**EXERCISE INSTRUCTIONS**
In the records below, find the line with "Blue mug with", then retype it and every following line exactly, stopping after the line with "14292 Pinewood Dr, Hesperia, CA". Leave the pictures out.

**DATA TO PROCESS**
--
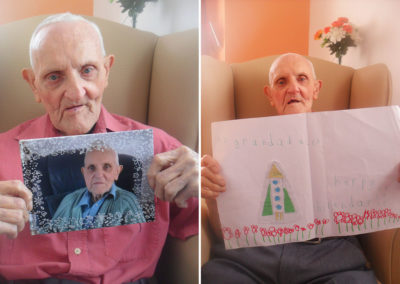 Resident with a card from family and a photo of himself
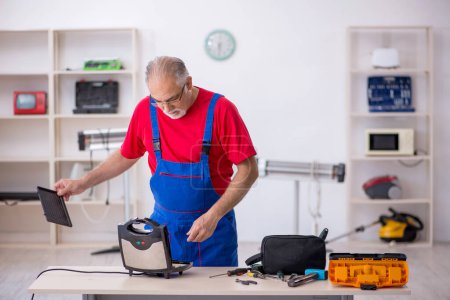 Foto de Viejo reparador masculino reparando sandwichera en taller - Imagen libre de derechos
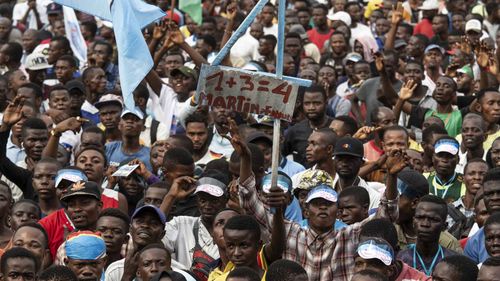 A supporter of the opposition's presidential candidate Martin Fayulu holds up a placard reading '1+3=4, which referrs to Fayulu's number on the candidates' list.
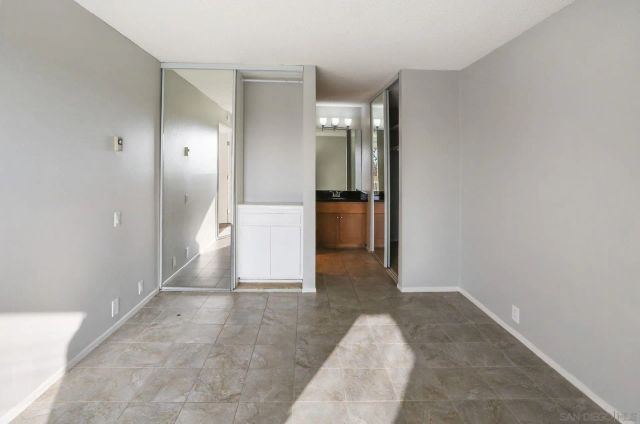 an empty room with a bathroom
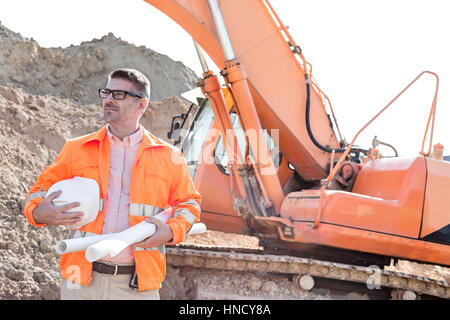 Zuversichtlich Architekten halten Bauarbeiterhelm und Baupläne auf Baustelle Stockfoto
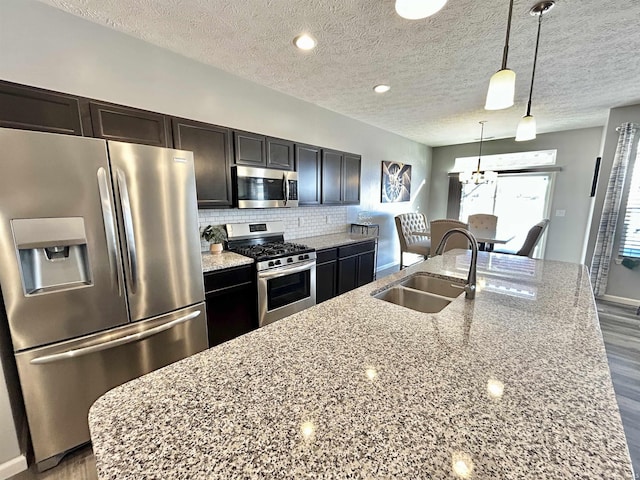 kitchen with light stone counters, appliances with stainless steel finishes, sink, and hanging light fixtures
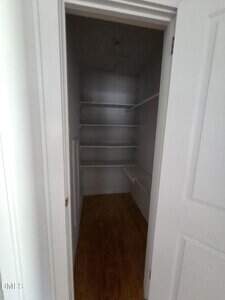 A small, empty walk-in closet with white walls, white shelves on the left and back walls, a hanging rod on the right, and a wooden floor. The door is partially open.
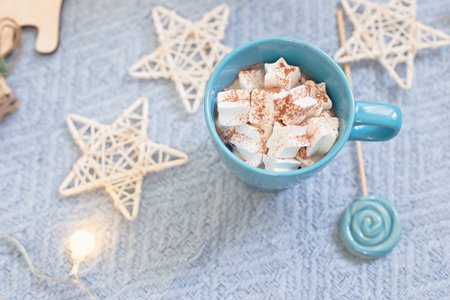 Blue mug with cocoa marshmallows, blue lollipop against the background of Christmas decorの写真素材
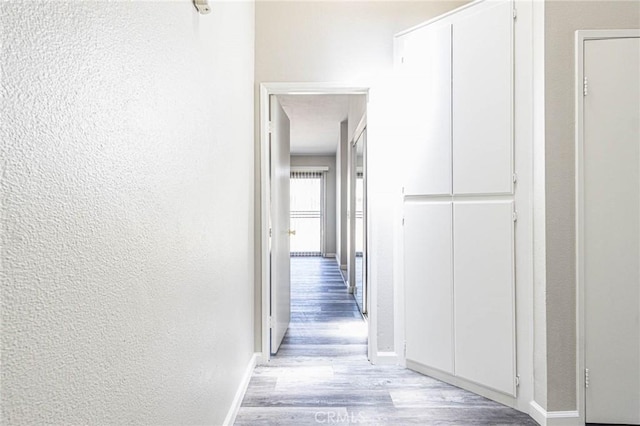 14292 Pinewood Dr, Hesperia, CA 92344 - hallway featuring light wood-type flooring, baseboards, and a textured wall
--
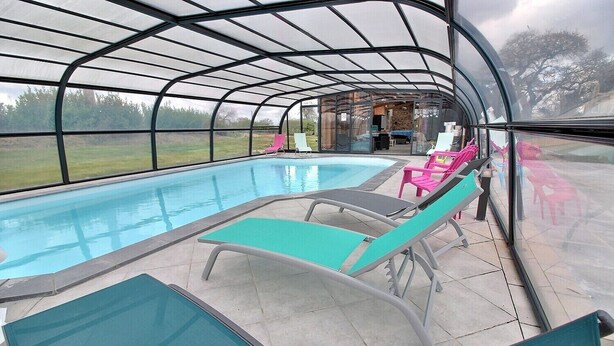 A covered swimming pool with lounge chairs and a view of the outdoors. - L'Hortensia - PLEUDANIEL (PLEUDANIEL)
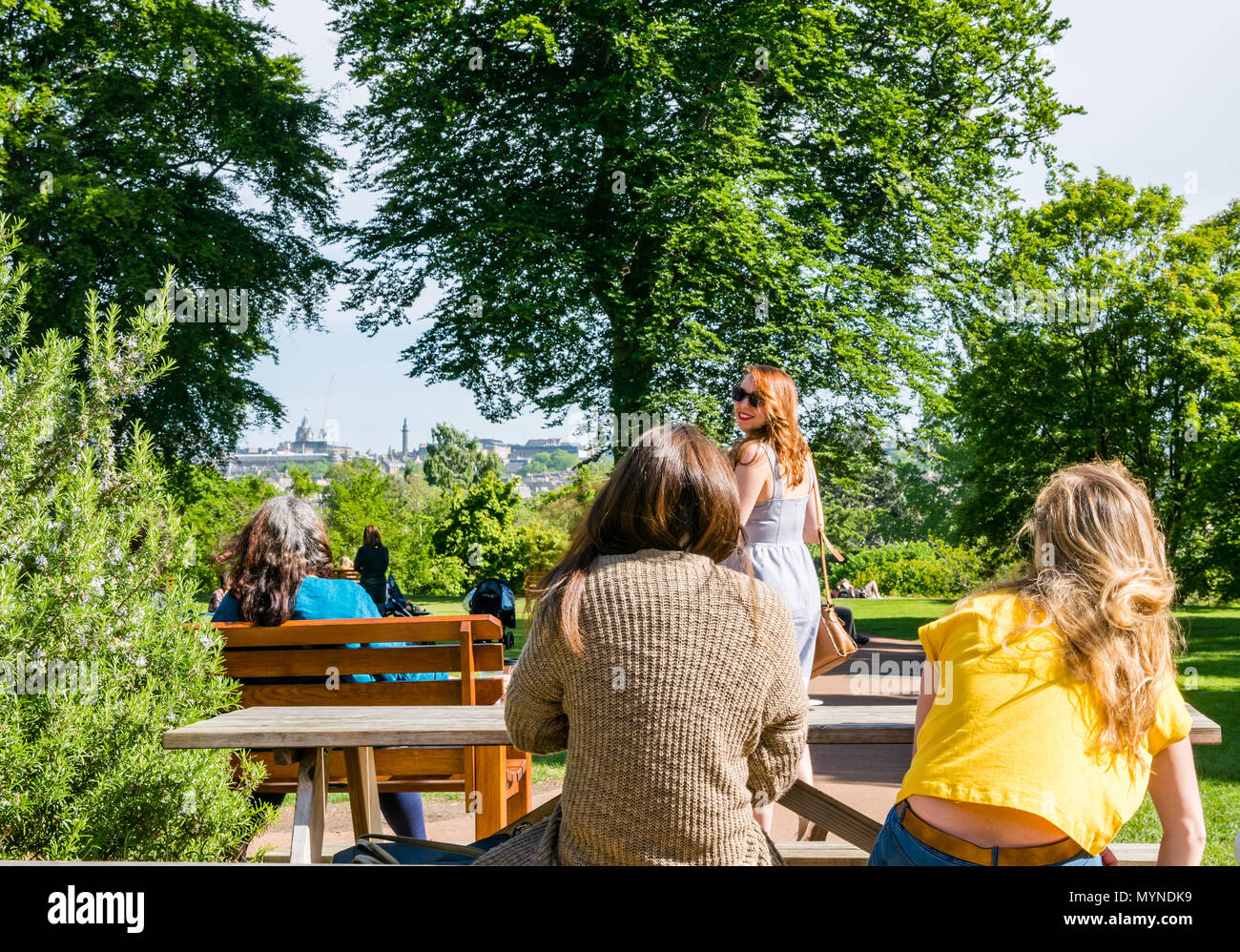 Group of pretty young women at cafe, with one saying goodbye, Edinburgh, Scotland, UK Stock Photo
--
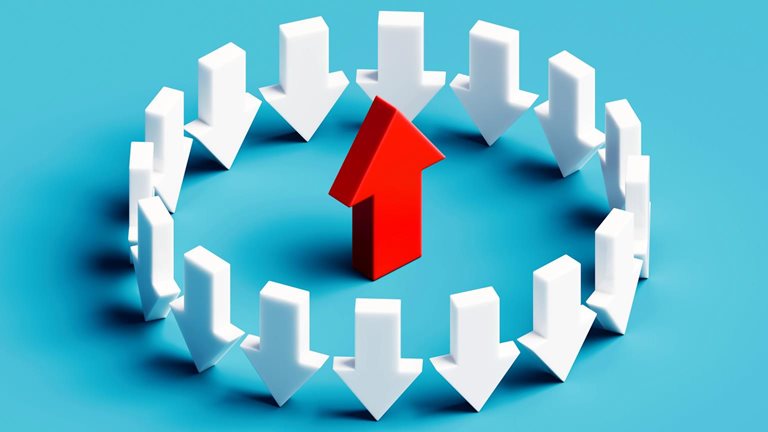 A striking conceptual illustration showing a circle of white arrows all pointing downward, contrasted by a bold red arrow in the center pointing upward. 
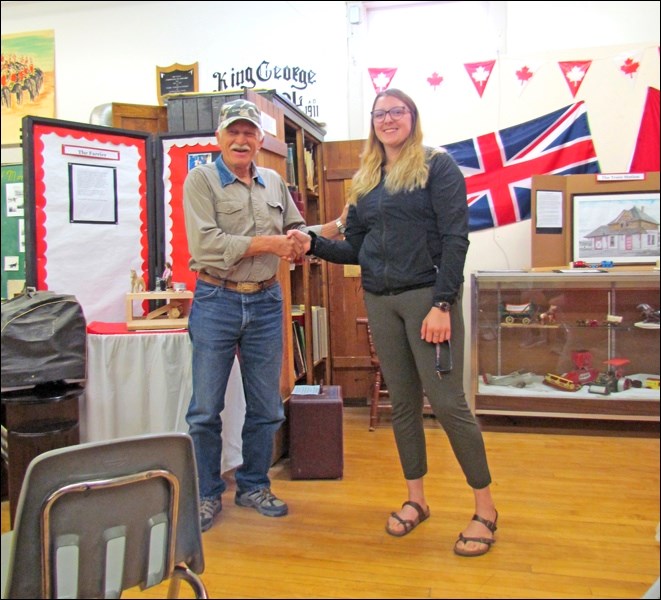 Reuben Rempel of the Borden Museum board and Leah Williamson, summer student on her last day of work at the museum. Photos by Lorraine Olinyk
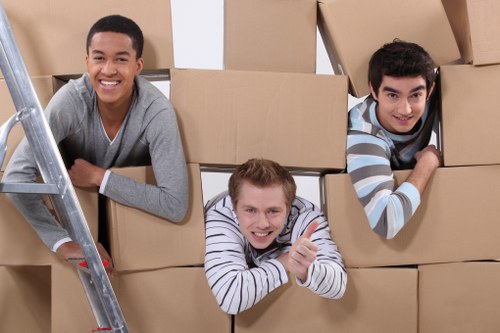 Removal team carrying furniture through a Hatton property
--
**SOLUTION TO THIS TASK**
 Blue mug with cocoa marshmallows, blue lollipop against the background of Christmas decorの写真素材
 14292 Pinewood Dr, Hesperia, CA 92344 - hallway featuring light wood-type flooring, baseboards, and a textured wall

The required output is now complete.